As the year opened in Paris, two stories dominated the news, one of them sad, the other funny. The first occurred at the Talbot auto plant in Poissy, just outside the capital. Nearly 200 people were hurt in clashes between workers and foremen backed by management. Police were called in to avert further bloodshed. The violence took place against a backdrop of disputes within leftist unions triggered by the government’s blundering attempt to “restructure” industry–that is, to act as the manager of the capitalist crisis.
The other story might be called the comedy of the “sniffing planes,” to borrow the superb sobriquet coined by Le Canard Enchaîné, the Paris satirical weekly. It involved fraudulent science and stolen documents and would have made a good Inspector Clouseau caper. Yet it also had a serious side: yesterday’s conservative rulers, the preachers of private enterprise who are so quick to condemn Socialist inefficiency, had squandered millions of dollars in public funds on an enterprise straight out of the comic strips and then concocted a clumsy Nixonian cover-up.
Both stories are unfinished. Both were probably difficult to comprehend from the snippets that appeared in the American press. I will try to put them in perspective, proceeding deliberately from the tragic to the farcical.
Tragedy at Talbot
The riots at the Talbot plant were a unique event and a portent. On the one hand, management there is unusually aggressive and reactionary; it loudly proclaims the divine rights of property. With the help of a puppet union, it runs its factories like army camps, tolerating no back talk from the unskilled, predominantly immigrant, labor force. Talbot is also the weakest division in the Peugeot group, which has lost $776 million in the past three years, and thus the one most threatened by corporate belt-tightening. On the other hand, the French auto industry is in trouble, and a major shake-up is brewing. Many other sectors–coal, steel, shipbuilding–are gripped by a deep malaise.
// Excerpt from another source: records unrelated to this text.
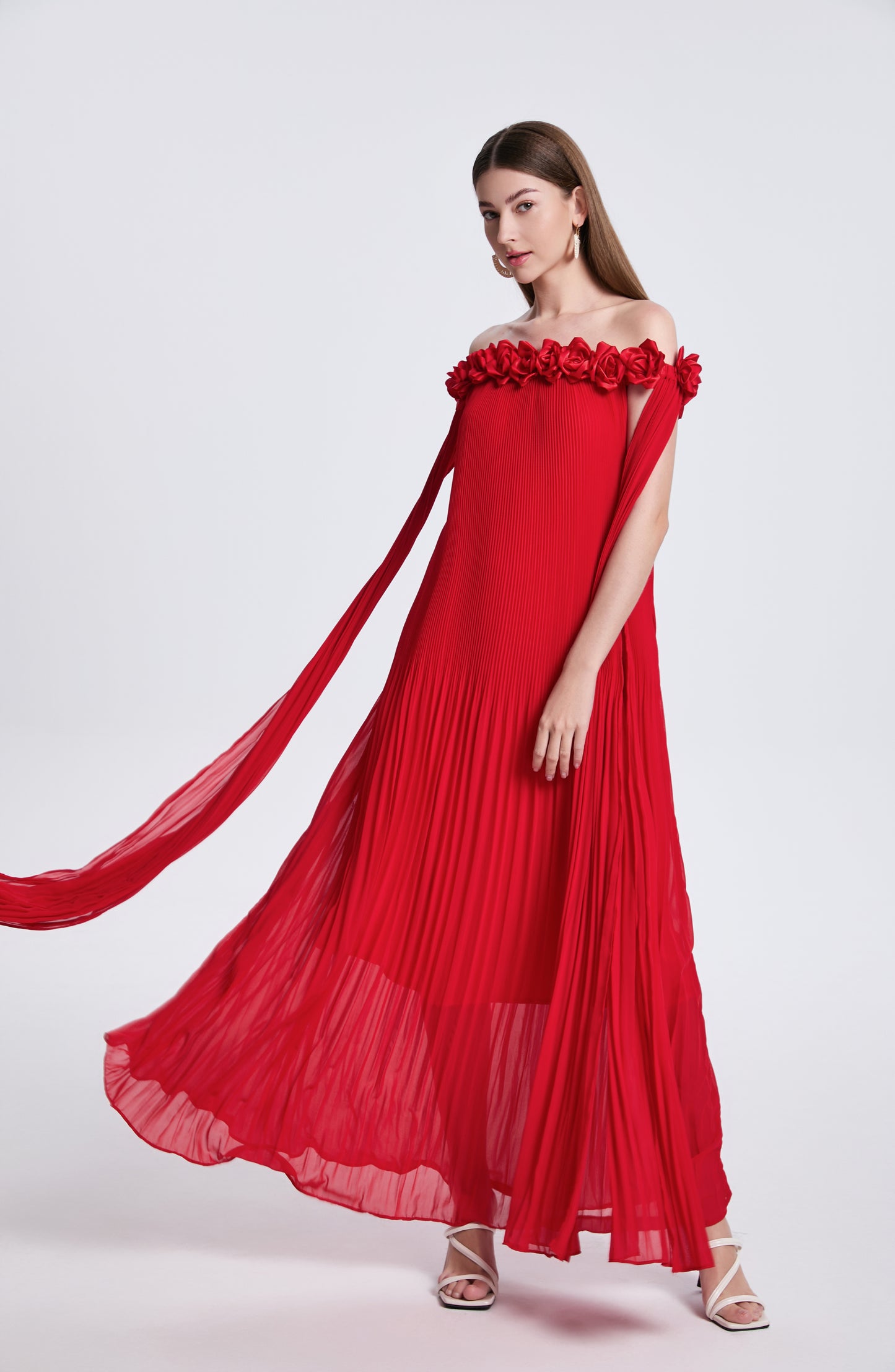 Women's Off Shoulder Chiffon 3D Floral Pleated Maxi Dress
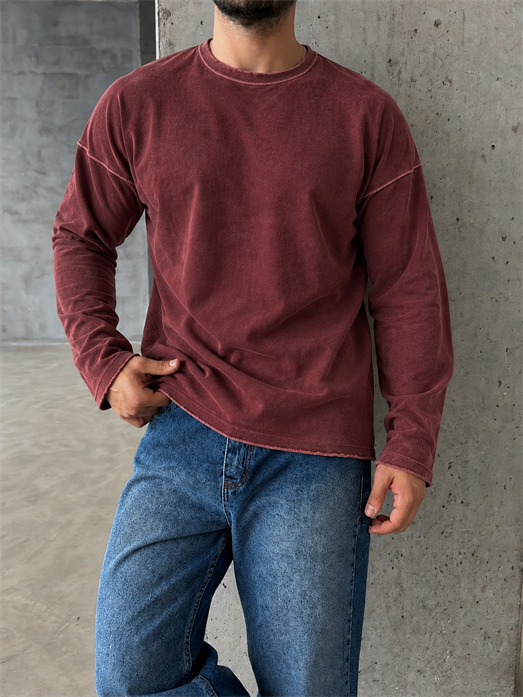 Bordo Yıkamalı Bisiklet Yaka İki İplik Sweatshirt KN 5751
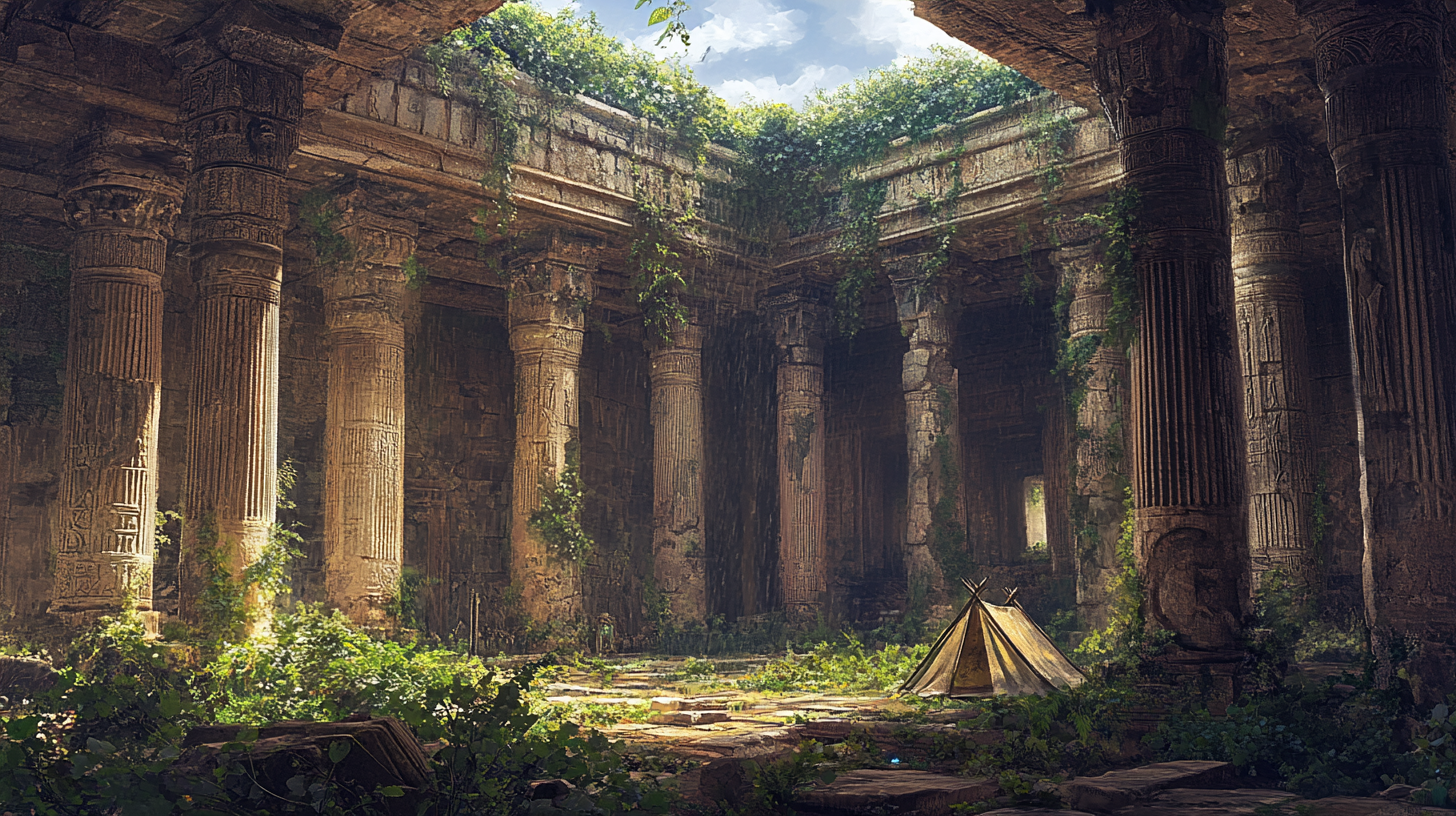 Overgrown ancient temple interior with futuristic tent and items.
Having accepted the logic of capitalism, the Socialist government is discovering where it leads. The flare-up at Poissy could be a useful warning.
Although the name may be unfamiliar, Talbot is an established firm. Originally known as Simca, it was connected with) Italy’s Fiat Motor Company until World War II (unkind souls claim it acquired its predilection for fascist methods of management during that period). Simca was part of Chrysler’s short-lived European empire from 1958 to 1978, when Peugeot bought it and changed the name. By any name, the firm has been one of the Big Four of the French auto industry. The undisputed Number One was, and is, Renault–a success story of nationalization. Taken over by the government after World War II because its owner had collaborated with the Germans, it produces more than half the cars built in France. In 1983, with nearly 14 percent of the Western European market, it was Europe’s top seller, just ahead of Ford. The merger of the three other French firms is of more recent vintage and quite a revealing story.
In the 1970s, when Valéy Giscard d’Estaing was President, Citroen faced bankruptcy. The government could have let the state-owned Renault take it over but instead gave the privately owned Peugeot a loan to buy the ailing firm. The rescue operation was a success: Citroen recovered, and Peugeot, its appetite for expansion whetted, purchased Chrysler’s European subsidiaries. Only the miracle didn’t happen twice. International competition had intensified and top management committed a series of blunders, notably, merging the sales forces of Citroen and Talbot too rapidly. The output of Talbot cars dropped from 450,000 in 1981 to fewer than 200,000 last year. Before the riot in Poissy, there were reports that Peugeot wanted to close down its most recent acquisition.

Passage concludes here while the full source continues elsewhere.